Merseyside Property Watcher: any local authority that wants to carry on as they are is probably pretty safe. The issue is more those – and there are a lot – seeing this as an excuse to drop their housing numbers. They may be in for a nasty surprise and they should wait for the new year and see what MHCLG come out with.

GravyTrain: That’s an interesting point on Green Belt. Certainly the polling evidence is that people are more in favour of building homes now than they used to be. Whether, as you suggest, the Save the Green Belt groups are a noisy minority, I’m not convinced. Trafford Conservatives, for example. might have been expected to hold on to power if there was really a silent majority happy for building on the Green Belt.

By Iain Roberts

why bother with any figures when all the government want is to prop up a fictitious housing market. If they are so keen to up numbers, build a new Milton Keynes and stop overburdening already over utilsed local councils.

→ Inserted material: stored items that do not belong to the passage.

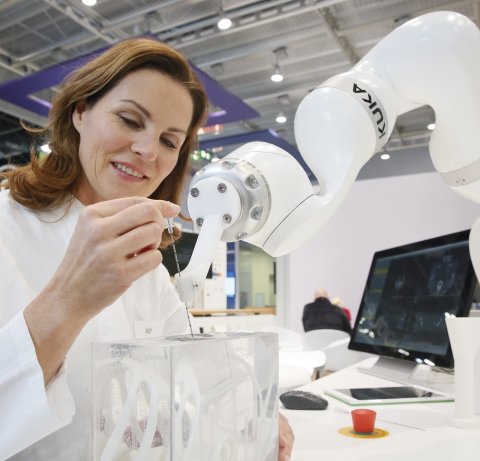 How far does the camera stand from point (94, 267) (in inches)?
19.2

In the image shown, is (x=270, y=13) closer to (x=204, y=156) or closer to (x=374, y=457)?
(x=204, y=156)

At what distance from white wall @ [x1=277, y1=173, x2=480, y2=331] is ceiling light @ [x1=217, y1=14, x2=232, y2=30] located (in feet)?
8.31

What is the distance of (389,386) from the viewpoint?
118 centimetres

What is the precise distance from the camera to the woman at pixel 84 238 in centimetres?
50

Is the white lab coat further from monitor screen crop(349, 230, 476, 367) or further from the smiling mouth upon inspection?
monitor screen crop(349, 230, 476, 367)

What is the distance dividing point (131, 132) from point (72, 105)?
0.20 m

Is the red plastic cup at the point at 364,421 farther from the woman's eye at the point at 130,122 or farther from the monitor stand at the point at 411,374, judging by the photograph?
the woman's eye at the point at 130,122

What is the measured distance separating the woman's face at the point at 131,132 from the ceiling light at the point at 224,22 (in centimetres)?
356

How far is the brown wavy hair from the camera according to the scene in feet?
3.03

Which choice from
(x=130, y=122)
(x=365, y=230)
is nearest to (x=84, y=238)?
(x=130, y=122)

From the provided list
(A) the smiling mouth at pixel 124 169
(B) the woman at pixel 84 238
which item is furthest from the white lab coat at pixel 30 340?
(A) the smiling mouth at pixel 124 169

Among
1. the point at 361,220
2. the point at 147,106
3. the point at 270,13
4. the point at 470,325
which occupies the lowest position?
the point at 470,325

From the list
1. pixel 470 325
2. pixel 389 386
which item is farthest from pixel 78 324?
pixel 389 386

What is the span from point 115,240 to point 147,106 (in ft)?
1.60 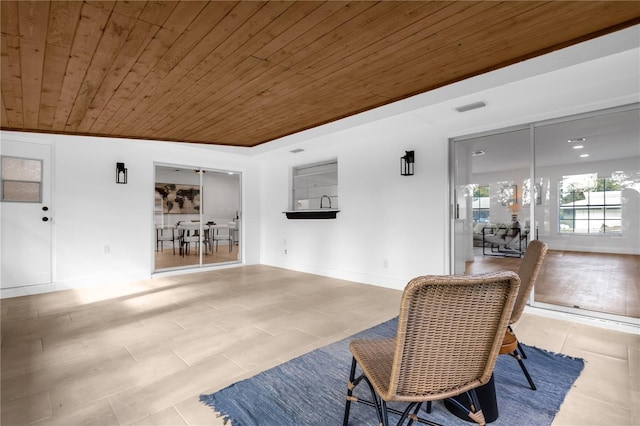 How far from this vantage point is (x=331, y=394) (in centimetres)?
205

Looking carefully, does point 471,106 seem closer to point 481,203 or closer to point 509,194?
point 509,194

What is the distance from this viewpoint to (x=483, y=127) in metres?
4.05

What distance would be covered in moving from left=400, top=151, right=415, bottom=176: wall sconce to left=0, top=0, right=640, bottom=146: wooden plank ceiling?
1.25 m

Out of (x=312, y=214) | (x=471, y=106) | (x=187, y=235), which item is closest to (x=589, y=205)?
(x=471, y=106)

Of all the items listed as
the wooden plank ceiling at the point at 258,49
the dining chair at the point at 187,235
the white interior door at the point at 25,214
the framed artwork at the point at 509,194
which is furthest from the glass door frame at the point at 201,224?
the framed artwork at the point at 509,194

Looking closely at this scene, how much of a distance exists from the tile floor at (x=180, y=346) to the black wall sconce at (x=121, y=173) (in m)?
1.76

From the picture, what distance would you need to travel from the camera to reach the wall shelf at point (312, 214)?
5.76 m

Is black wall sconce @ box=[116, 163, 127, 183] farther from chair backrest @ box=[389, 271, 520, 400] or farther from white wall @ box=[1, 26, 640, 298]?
chair backrest @ box=[389, 271, 520, 400]

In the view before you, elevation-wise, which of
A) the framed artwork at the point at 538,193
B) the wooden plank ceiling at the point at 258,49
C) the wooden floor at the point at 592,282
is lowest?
the wooden floor at the point at 592,282

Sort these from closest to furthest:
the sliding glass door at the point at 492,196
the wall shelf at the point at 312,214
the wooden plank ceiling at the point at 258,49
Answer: the wooden plank ceiling at the point at 258,49, the sliding glass door at the point at 492,196, the wall shelf at the point at 312,214

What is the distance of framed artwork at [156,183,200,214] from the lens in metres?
6.54

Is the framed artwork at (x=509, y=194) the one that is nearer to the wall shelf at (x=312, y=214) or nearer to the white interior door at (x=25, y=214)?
the wall shelf at (x=312, y=214)

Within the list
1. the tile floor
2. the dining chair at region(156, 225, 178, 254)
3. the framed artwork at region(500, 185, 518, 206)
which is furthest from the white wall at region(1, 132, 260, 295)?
the framed artwork at region(500, 185, 518, 206)

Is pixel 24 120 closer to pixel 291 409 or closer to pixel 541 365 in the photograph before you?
pixel 291 409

The rush to concrete mentality cannot continue forever, doesn’t help anyone in the long term.

By J Bird

Iain, I don’t believe you are quite right on this. The drive for higher economic growth is already established in effect and thus trend, particularly for areas like Manchester and Cambridge.

There are then also other areas that should have higher economic output, but which for local and resolvable reasons are underperforming.

One size can’t fit all. Some areas need to have their future potential to change and outperform taken into account, but for the majority the forecasts are probably right.

If the inconvenience of the figures to various parties spells one things out, it’s that government shouldn’t be dictating these figures at all, and the location and quantum of new homes should be entirely based on individual local policies.

The irony that central government interferes on detail like this, while turning a blind eye to macro economic dysfunction in large parts of the county should be of more interest to everyone.